Have you have any success with smaller beam widths? You can also try removing the --dump_all_beams_to=BEAMS.txt parameter.

Step 2 uses a pretrained speech model to get the predicted character logits per time step for each sound file.

Step 3 uses the outputs of step 2 and first does greedy decoding, and then will run beam search decoding rescoring with the given n-gram LM. If you give a range of alpha and beta, it will run grid search over all values. Otherwise in most cases, it will just run beam search with the provided alpha and beta. It will also dump the most probable candidates for each sound file if dump_all_beams_to is provided.

Step 4 takes the candidates from step 3 and uses T-XL to rescore each candidate and outputs the most probable one (the most probable one is just a linear combination of the score from Step 3 and the output of T-XL).

shiv6146 commented 5 years ago

@blisc I have tried smaller beam widths but still no luck :disappointed: I shall also try removing the --dump_all_beams_to option and let you know. As per your explanation of the different steps, if I were to now train my model on a completely different dataset it does not matter during training time whether I have enabled ctc_decoder_with_lm option in my model config. I shall still be able to do re-scoring using the above mentioned technique provided I have a trained model. Right?

blisc commented 5 years ago

You should not enable use_language_model during training. All of the current decoder params are deprecated. Your trained model will be able to make use of the re-scoring and new decoder script.

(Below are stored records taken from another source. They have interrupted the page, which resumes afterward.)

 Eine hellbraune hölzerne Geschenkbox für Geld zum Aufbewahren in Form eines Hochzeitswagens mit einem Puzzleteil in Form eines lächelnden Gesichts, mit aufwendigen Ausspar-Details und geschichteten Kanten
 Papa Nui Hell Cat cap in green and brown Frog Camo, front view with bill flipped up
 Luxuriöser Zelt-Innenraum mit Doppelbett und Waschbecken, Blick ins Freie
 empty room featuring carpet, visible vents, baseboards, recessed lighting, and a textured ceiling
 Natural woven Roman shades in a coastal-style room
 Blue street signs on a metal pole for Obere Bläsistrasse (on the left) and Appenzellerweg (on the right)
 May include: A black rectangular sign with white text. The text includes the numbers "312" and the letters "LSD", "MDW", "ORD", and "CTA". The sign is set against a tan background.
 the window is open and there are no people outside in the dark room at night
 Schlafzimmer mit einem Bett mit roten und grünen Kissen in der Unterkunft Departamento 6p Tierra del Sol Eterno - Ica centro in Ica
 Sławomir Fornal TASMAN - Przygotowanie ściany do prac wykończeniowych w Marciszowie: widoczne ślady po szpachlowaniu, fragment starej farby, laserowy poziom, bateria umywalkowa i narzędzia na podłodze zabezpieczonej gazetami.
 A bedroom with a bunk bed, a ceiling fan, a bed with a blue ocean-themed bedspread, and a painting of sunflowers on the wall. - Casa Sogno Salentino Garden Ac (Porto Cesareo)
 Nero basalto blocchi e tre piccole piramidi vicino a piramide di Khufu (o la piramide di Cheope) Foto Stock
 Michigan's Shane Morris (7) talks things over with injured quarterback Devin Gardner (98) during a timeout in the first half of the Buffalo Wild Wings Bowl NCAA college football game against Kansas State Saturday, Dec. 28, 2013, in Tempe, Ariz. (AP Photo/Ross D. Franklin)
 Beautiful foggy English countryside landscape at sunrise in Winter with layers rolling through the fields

The new decoder script will make use of all available CPU cores, perhaps your instance is killing your script due to high CPU or CPU memory usage? An alternative would be to use a cloud instance for steps 2 and 4 on the cloud instance and step 3 on a local machine.

vsl9 commented 5 years ago

scripts/decode.py doesn't use GPUs, it is CPU only. Insufficient system RAM might be the issue. Have you tried to decrease beam_width to very small value and then increase it gradually (like 2, 8, 16, 64, 128)? Or maybe there was a problem with the decoder's installation (scripts/install_decoders.sh).

aayushkubb commented 5 years ago

Hi, Is there any update on this one? I am getting a similar issue when I run on 71k files of about 51 hours of data.

I am running on 2 GPU's. 2090P with 11Gb memory each.

aayushkubb commented 5 years ago

A small hack which I did was to run the files in smaller batches which dint caused any issue with the same beam width.